You may have met with more than one person, and companies usually gather input from all the interviewers before making a decision. There are a lot of moving parts — people get sick, go on vacation, get stuck in meetings, and have to travel on business — and it can take weeks to analyze the data.

They're busy.

Interviewing job candidates likely isn't their only responsibility, and sometimes following up with candidates isn't at the top of their "to-do" list.

They just don't know yet.

Sometimes when they say they don’t have an update for you, they’re not being evasive — it’s the truth. Recruiting and hiring a new employee can be expensive and cumbersome, and the company wants to make sure they’re making the right choice.

You didn't get it.

Sometimes silence means you didn’t get the job. It’s unfortunate, but depending on the number of candidates, an interviewer may feel they just don’t have the time to contact everyone. Instead of wallowing, however, focus on what you did right, and continue to do that as you forge ahead in your job search.

In general, if you haven’t heard from the hiring manager in about ten business days after they said you’d hear from them, assume they went with another candidate.

What to do while you’re waiting

First of all, continue with your job search until you have an offer. Keep applying for jobs and setting up other interviews. No matter how great your follow-up email is, it won’t make the process move any faster. Stay productive.

Some things you can do while waiting to hear back about a position:

  • Look for more opportunities

  • Tailor your resume to each position

  • Write customized cover letters

  • Go on any other interviews that come your way.

  • Work on growing your professional network

Staying in touch

Whether or not you get the job, view this as an opportunity to grow your network. Even if the hiring manager has not-so-great news, it’s not all bad. This person might turn out to be a helpful person to have in your network. You never know — they may keep you in mind for a future position or as a valuable industry colleague. Just make sure you don’t go overboard, and stay professional and proactive, not pushy.

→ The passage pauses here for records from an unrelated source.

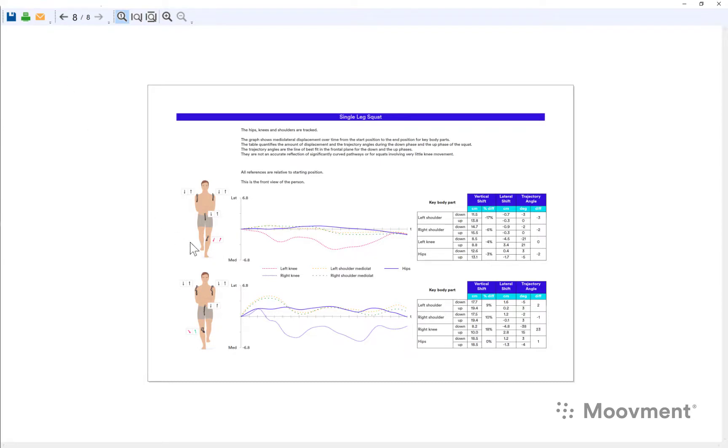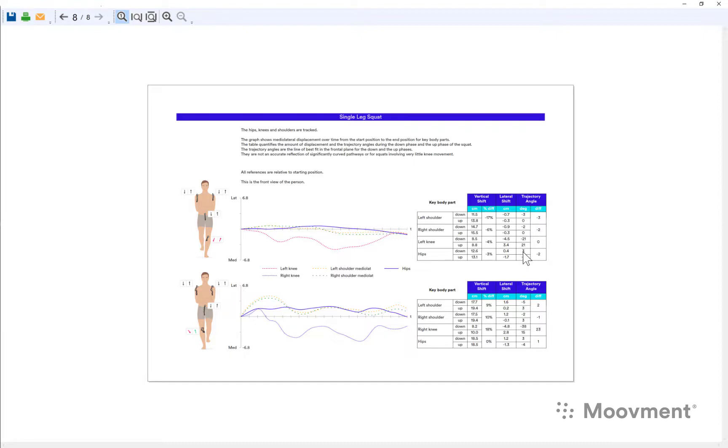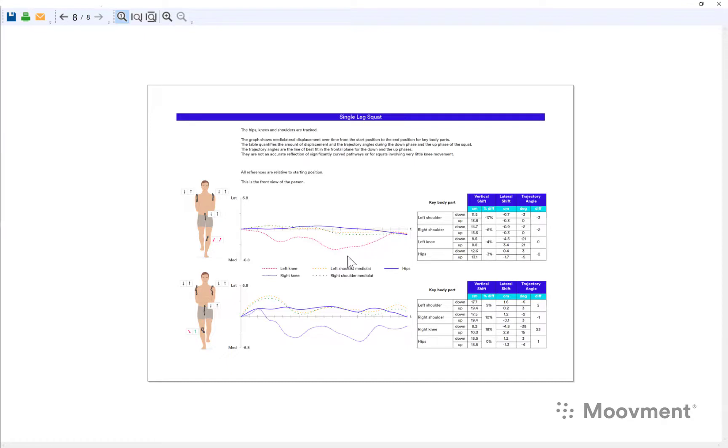In this case the left knee travels in a straight line. It travels at 21 degrees. Its lateral shift is 4.5 centimeters from the top to the bottom with a corresponding movement of the hips going outwards by three degrees or half a centimeter, and not so much movement occurring in the shoulders as you can see here. So these lines are quite flat, but the left knee in isolation is traveling inwards quite significantly.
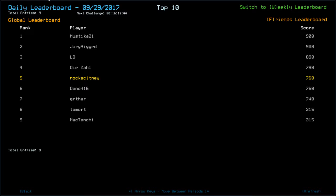Gartha, 740. Then we've got Tamort, 315, along with Mac10. Looks like they came cropper to swarm.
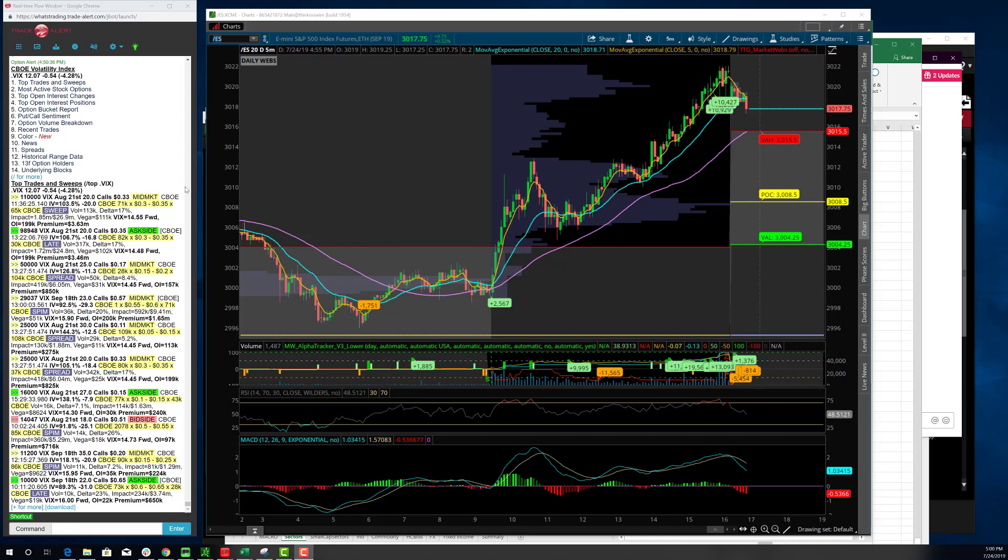All right, traders, welcome to today's recap. This is Christian Frommert, Strabica Trade Group, and it is Wednesday, July 24th.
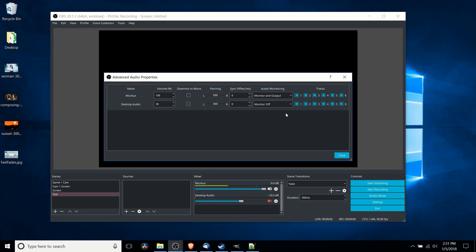If you were recording with monitor and output mode and you had desktop audio enabled and you also had mic aux enabled it would record your voice twice. That's why there's the second option monitor only mute output so that you would only hear it once.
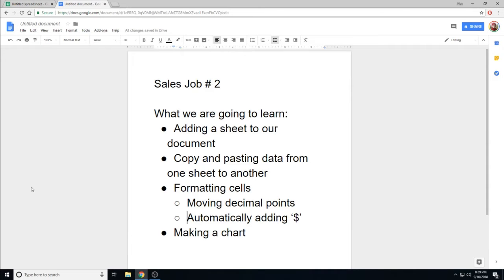Alright, this is the walkthrough for sales job number two. What we're going to learn today is how to add a sheet to our document,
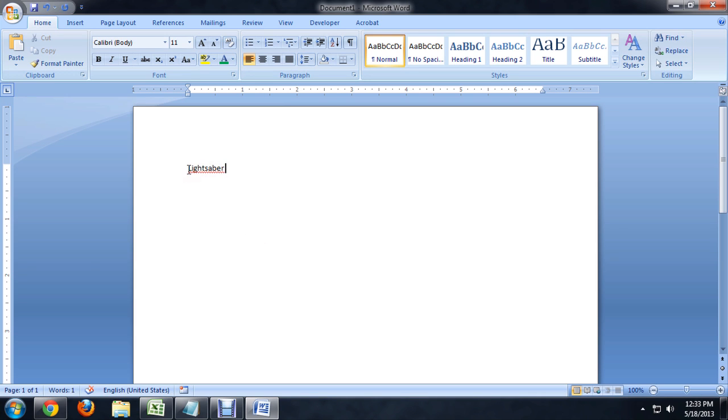So it automatically puts this red line under it to show us that the word isn't correct. Now if you're typing a lot of words like this that you know are correct and it's kind of annoying you,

Here are some ways to build some professional bridges:

  • Connect on social media. Engage with their posts, or send them interesting, relevant articles once in a while.

  • Keep your profile active. Update any skills, education, certifications, or accomplishments.

  • You can also send them a short, friendly email to establish a professional relationship.  If you didn’t get the job, this email won’t change that, but strengthening your network is always beneficial. If you do reach out, keep things brief, and professional, and don't put any pressure on them. 

Copyable Example

Hi, [name]


We spoke last month about the [position] at [company name]. In our conversation, you highlighted some emerging trends in [relevant industry]. I've attached an article about the same topic and thought that you might find it interesting. No response is necessary —I hope you find the information useful!


[your name]

[contact info]



Stay on the company’s radar, but remain respectful and professional when following up.

Bombard the hiring authority with emails.

Allow some time between emails — they simply may have not made a decision yet.

Assume that you didn’t get the job if you don’t hear back right away.

Wait for the established timeline and deadlines to pass before following up.

Make demands, or insist that they tell you what’s going on.

Remember, you have no idea of what is happening on the company’s side. Worrying will not help, but checking in just might. Do what you can to stay on the employer’s radar, and make sure your tone is friendly and approachable. Whether or not you get the job, following up in a timely manner can put you in a positive light and make you a valuable, viable candidate.

Key takeaways

  1.  Be sure to send a thank you note after an interview, ideally within 24 hours.

  2. If no timeframe was established in the interview, wait at least five business days before sending a follow-up email. If they said you'd hear by a certain date, wait until that's passed before making contact.

  3. Understand that a long wait time is not a reflection of you as a job candidate. There might be a lot going on “behind the scenes.”

  4. Be patient, and take the opportunity to develop your skills and grow your network.